BEGIN

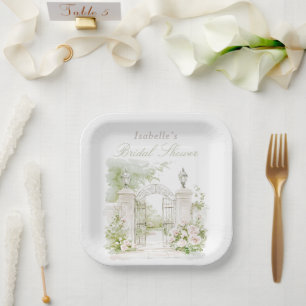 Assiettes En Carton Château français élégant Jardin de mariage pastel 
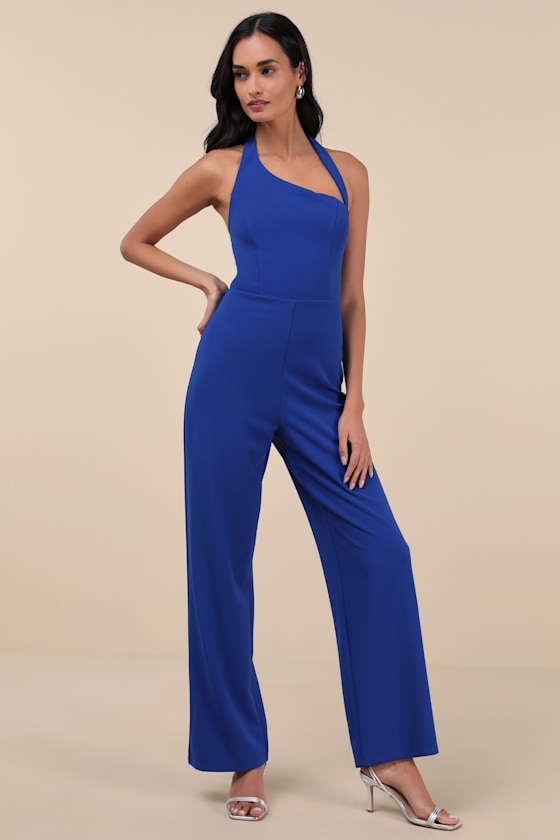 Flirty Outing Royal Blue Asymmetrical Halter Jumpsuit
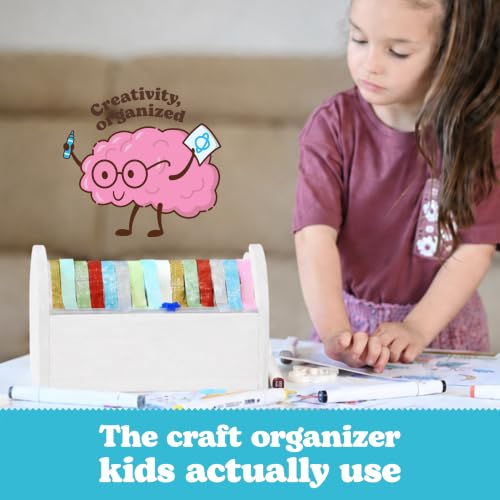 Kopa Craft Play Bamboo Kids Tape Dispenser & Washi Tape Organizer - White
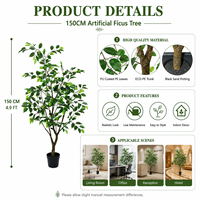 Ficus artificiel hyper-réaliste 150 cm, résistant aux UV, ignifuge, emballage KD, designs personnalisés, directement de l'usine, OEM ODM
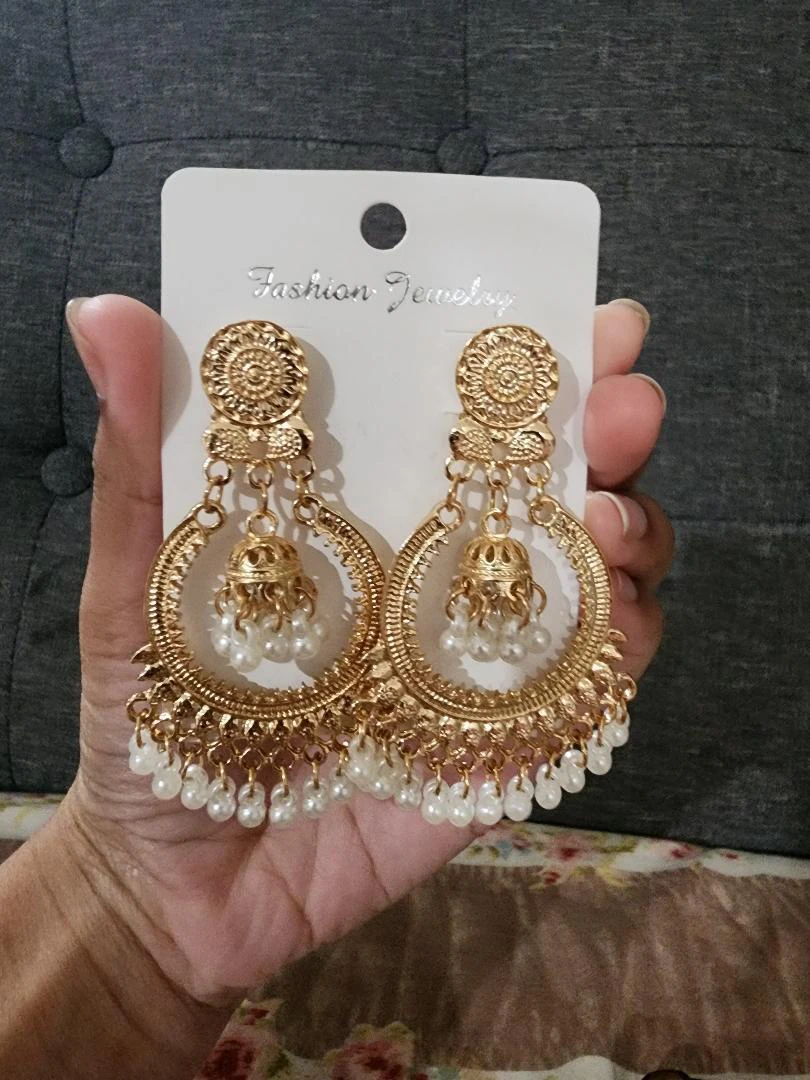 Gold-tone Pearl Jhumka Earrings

END

# [ACTION ITEM]
Word for word, return all the entries and skip their pictures.

# [EXERCISE RESULT]
 Assiettes En Carton Château français élégant Jardin de mariage pastel 
 Flirty Outing Royal Blue Asymmetrical Halter Jumpsuit
 Kopa Craft Play Bamboo Kids Tape Dispenser & Washi Tape Organizer - White
 Ficus artificiel hyper-réaliste 150 cm, résistant aux UV, ignifuge, emballage KD, designs personnalisés, directement de l'usine, OEM ODM
 Gold-tone Pearl Jhumka Earrings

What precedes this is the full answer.